Posted in Industry December 31, 2019
Australia Renews Fight Against Illegal Gambling
Authorities in Australia are intensifying their efforts to crack down on illegal gambling operators. The Australian Communications and Media Authority (ACMA) is leading a renewed campaign against online casinos and gambling platforms that are not properly authorized or licensed. The ACMA is collaborating with local internet service providers to block access to these unauthorized sites.
These measures were recommended in a comprehensive review of the Australian online gaming industry conducted in 2015 by Barry O’Farrell, the former premier of New South Wales. The goal is to address the loopholes in the Interactive Gambling Act of 2001. Prior to the review, offshore online casinos were able to evade existing laws and target Australian players. Following the review and the subsequent amendment of the gambling law in August 2017, Australian players were prohibited from accessing these services. However, unlicensed operators found ways to continue promoting their businesses, leading to the growth of the black market. It is estimated that Australian players spend around A$400 million on illegal and unlicensed gambling platforms, resulting in a loss of A$100 million in tax revenues.

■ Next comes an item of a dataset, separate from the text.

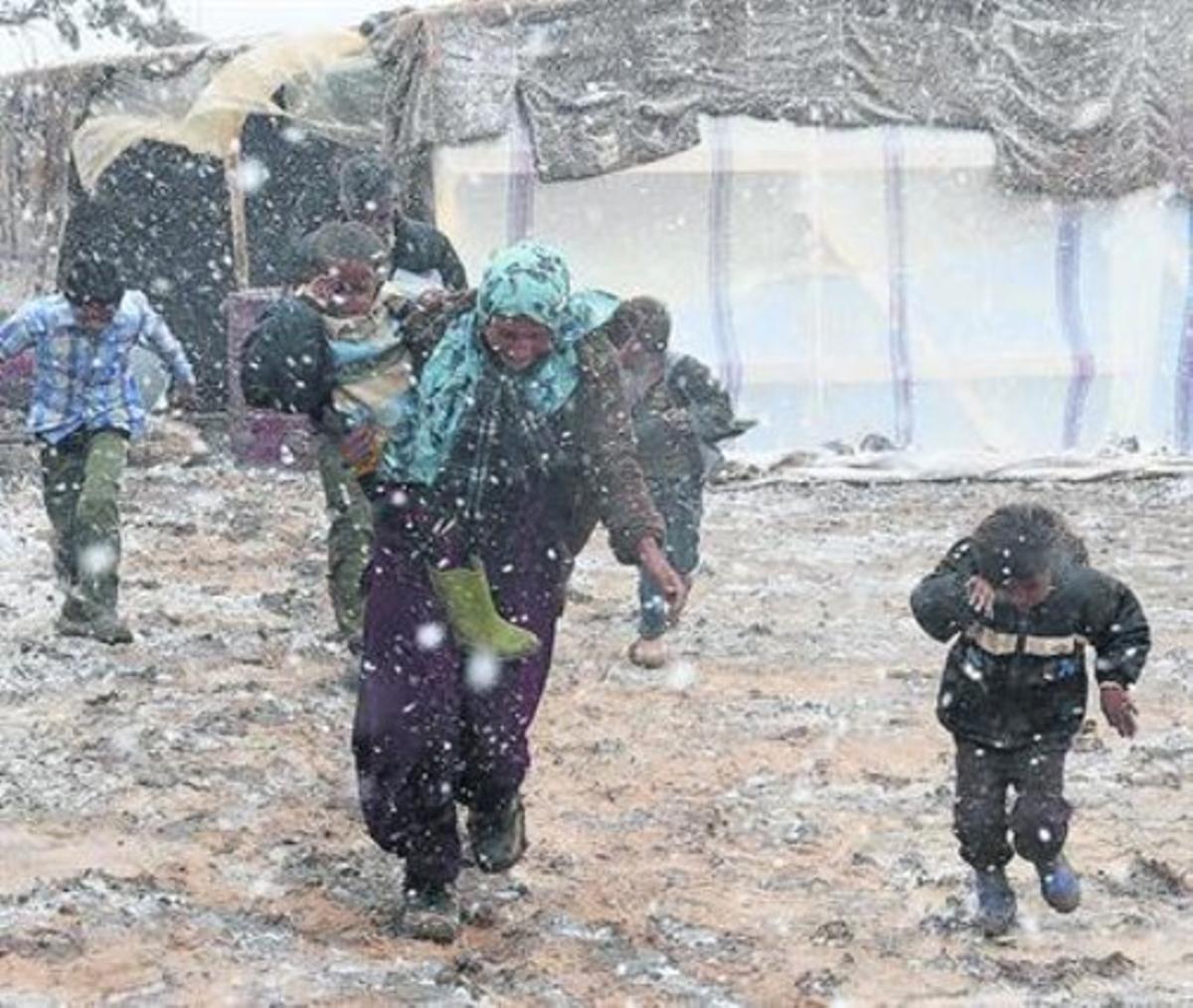 Una família siriana corre sota la neuen un camp de refugiats al Líban.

Key Points of the New Measures
The new policy empowers the ACMA to investigate unlicensed operators and refer cases to internet service providers for action. Australian Communications Minister Paul Fletcher stated that the aim is to protect players from misleading and confusing promotional campaigns by unlicensed online casinos. Since these websites are not authorized, players have no legal recourse or protection if they encounter issues with accessing or retrieving their money.
Fletcher acknowledged that the ACMA faced challenges in the past when dealing with faceless offshore companies without physical offices in Australia. Working with internet service providers to block access provides a practical solution to the problem. ACMA chair Nerida O’Loughlin emphasized that this new measure strengthens their campaign against black market operations. The ACMA is actively monitoring the industry and reviewing customer complaints. It expects the list of blocked casinos to expand as investigations continue. Gambling platforms that use Australian symbols and imagery will be prioritized for investigation and potential blocking if found to be illegal or unlicensed.